# Information provided
----------------
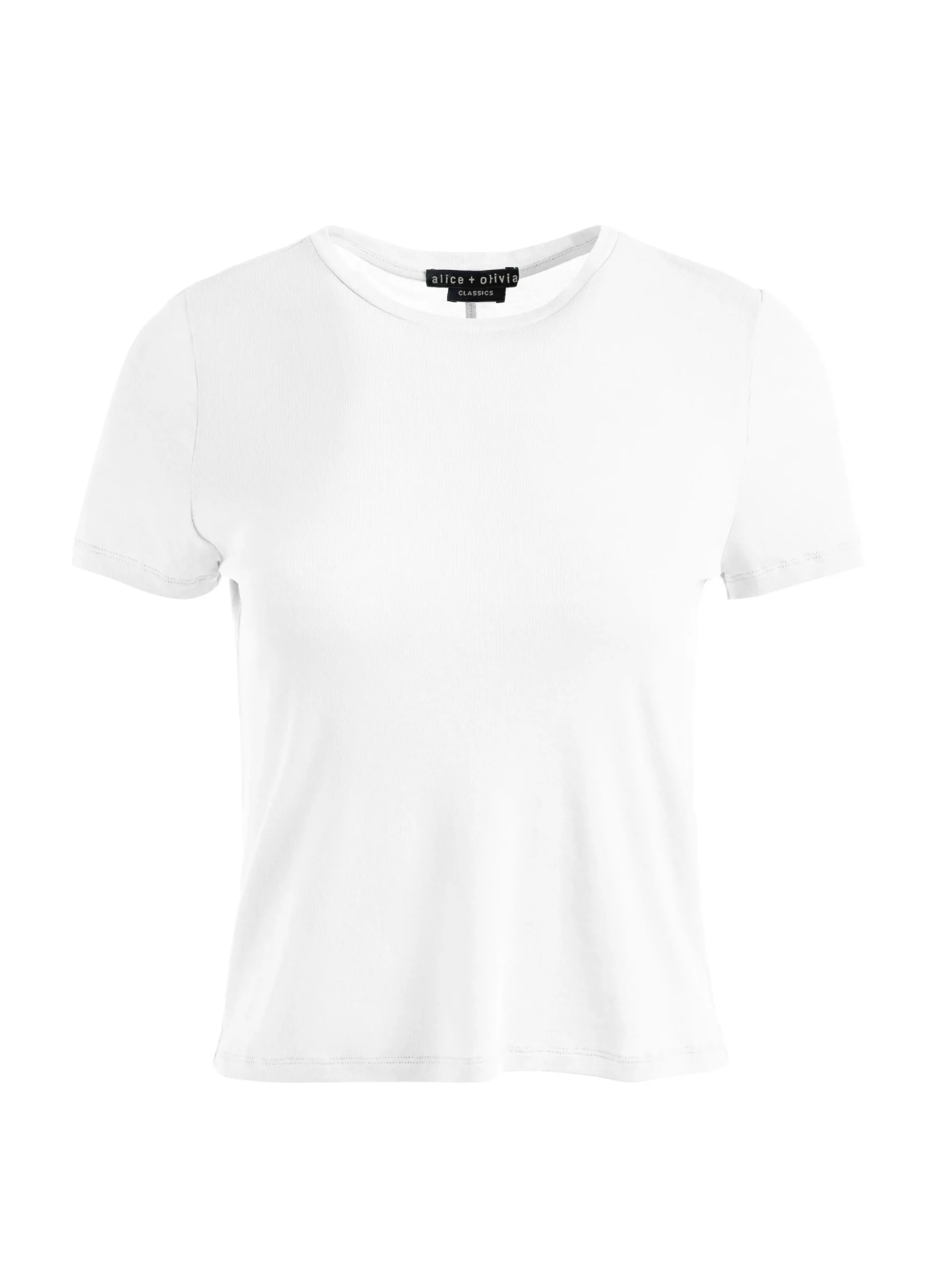 CINDY CLASSIC CROPPED TEE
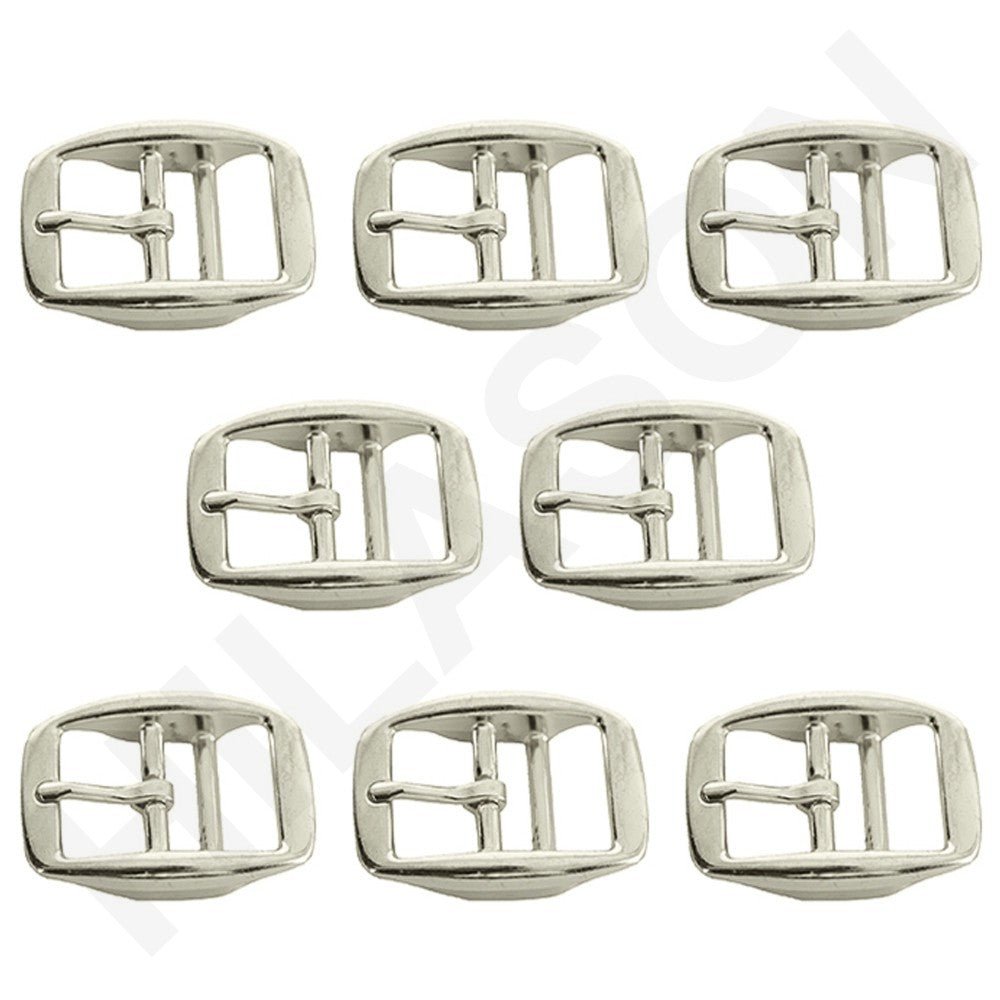 3/4 In Die Cast Double Bar Buckle Nickel Plt. By Hilason – Hilason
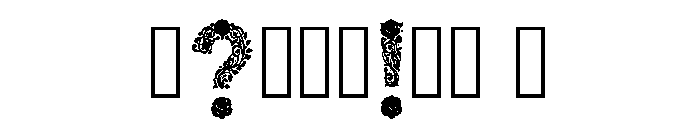 Melros Regular Font OTHER CHARS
----------------
# Problem details
The expected output is every line from the line where "3/4 In Die Cast" appears to the final line of the material, unchanged and with no pictures.

# Task answer
 3/4 In Die Cast Double Bar Buckle Nickel Plt. By Hilason – Hilason
 Melros Regular Font OTHER CHARS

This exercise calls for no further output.